Now, we can begin to define the analysis workflow used. Let’s imagine our search engine searched three MGF files, with identifiers mgf_1 - mgf_3 which we’ll pre-register now. We open the <AnalysisCollection> element and declare a single <SpectrumIdentification> workflow using those MGF files and the search database we registered earlier. We’ll also pre-declare the spectrum identification list spectrum_identified_list1 where we’ll write the identified spectra, and that the workflow took its parameters from a to-be-defined list of parameters in spectrum_idification_params_1.

writer.SpectraData.register("mgf_1")
writer.SpectraData.register("mgf_2")
writer.SpectraData.register("mgf_3")

writer.SpectrumIdentificationList.register('spectra_identified_list_1')
writer.SpectrumIdentificationProtocol.register('spectrum_identification_params_1')

with writer.analysis_collection():
    writer.SpectrumIdentification(spectra_data_ids_used=[
        "mgf_1", "mgf_2", "mgf_3"
    ], search_database_ids_used=[
        "search_db_1"
    ], spectrum_identification_list_id='spectra_identified_list_1',
    spectrum_identification_protocol_id='spectrum_identification_params_1').write()

Next, we’ll actually declare those parameters.
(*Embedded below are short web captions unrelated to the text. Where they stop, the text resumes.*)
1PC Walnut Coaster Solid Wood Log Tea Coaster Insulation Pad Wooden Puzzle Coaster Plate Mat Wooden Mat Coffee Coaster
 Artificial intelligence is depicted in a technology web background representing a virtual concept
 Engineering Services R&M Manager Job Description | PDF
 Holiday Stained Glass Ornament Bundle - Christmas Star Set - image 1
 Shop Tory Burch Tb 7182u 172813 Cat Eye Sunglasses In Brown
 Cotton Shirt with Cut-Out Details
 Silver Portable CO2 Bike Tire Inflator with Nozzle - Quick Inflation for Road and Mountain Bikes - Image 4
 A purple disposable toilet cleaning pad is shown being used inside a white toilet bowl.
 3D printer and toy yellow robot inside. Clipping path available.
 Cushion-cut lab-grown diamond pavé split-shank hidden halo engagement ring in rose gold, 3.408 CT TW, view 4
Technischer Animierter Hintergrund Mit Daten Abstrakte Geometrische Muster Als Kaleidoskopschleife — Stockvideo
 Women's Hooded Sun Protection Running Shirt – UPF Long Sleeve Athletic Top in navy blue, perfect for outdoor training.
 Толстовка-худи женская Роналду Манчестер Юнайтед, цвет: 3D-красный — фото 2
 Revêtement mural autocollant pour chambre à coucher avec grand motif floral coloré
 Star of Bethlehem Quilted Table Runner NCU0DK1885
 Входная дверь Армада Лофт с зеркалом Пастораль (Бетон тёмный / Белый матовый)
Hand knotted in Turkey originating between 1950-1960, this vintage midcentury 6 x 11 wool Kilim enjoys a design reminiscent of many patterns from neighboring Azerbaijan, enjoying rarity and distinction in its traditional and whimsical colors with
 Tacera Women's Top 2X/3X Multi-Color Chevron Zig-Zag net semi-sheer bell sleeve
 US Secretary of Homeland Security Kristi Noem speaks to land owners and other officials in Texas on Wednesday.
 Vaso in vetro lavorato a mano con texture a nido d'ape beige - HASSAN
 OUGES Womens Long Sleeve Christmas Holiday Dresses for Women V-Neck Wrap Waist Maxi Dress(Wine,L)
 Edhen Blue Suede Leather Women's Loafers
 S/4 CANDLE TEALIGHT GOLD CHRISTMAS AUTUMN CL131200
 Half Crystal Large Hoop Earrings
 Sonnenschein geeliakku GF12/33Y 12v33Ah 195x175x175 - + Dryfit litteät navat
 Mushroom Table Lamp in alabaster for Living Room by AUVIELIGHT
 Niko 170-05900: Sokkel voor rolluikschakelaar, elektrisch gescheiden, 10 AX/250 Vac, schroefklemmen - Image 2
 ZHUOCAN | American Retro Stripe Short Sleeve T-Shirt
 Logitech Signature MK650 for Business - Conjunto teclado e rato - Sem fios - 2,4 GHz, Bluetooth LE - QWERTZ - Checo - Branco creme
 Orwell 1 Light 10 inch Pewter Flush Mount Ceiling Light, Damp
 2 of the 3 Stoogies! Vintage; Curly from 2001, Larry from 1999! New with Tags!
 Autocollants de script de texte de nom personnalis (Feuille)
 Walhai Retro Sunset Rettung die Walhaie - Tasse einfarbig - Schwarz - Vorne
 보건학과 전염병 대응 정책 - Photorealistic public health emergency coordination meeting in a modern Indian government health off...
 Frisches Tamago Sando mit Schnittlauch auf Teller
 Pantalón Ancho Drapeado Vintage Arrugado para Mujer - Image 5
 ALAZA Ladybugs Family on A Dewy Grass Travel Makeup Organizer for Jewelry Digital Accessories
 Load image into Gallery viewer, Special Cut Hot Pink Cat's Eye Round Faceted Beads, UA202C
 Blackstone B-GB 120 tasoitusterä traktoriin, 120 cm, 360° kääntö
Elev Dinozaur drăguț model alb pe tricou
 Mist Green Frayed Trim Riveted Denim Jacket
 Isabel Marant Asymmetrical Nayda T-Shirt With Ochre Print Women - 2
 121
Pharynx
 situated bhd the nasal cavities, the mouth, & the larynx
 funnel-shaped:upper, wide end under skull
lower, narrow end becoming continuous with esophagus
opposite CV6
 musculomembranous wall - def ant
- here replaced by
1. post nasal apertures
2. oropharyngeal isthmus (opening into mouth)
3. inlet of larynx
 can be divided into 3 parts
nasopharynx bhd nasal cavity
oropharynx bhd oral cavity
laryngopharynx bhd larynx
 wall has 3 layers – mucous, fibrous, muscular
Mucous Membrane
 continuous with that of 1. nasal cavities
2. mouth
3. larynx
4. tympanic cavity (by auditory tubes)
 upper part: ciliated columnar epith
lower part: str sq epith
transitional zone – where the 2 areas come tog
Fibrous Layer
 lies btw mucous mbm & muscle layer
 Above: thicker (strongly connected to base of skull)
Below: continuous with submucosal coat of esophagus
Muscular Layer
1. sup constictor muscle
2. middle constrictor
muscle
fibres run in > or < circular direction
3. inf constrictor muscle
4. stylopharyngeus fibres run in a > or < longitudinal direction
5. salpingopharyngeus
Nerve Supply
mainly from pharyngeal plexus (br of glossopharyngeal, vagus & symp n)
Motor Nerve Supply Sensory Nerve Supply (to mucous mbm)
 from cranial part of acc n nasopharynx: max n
The spectrum_identification_protocol() method is a wrapper for writing <SpectrumIdentificationProtocol> that does some extra work to interpret parameters for you. Here is where we list things like mass tolerances, search modification rules, and any other options that your search engine has that you want to share with the reader.

We’ll say we searched our database using trypsin cleavage rules and a constant or “fixed” modification of “Carbamidomethyl” on all cysteines as is common in shotgun proteomics, but for some bizarre reason we chose to also consider a variable “Deamidation” on any asparagines. We could also specify these modifications by their UNIMOD accession numbers, or define custom rules here as well.

The parent_tolerance and fragment_tolerance list the mass accuracy error tolerances for MS1 and MSn spectra respectively, using symmetric upper and lower bounds, but different units (parts-per-million vs. Da). We’ll also specify that we considered monoisotopic masses in the additional_search_params list, along with a custom parameter “frobnication level”, to indicate that we tuned the results “very carefully”.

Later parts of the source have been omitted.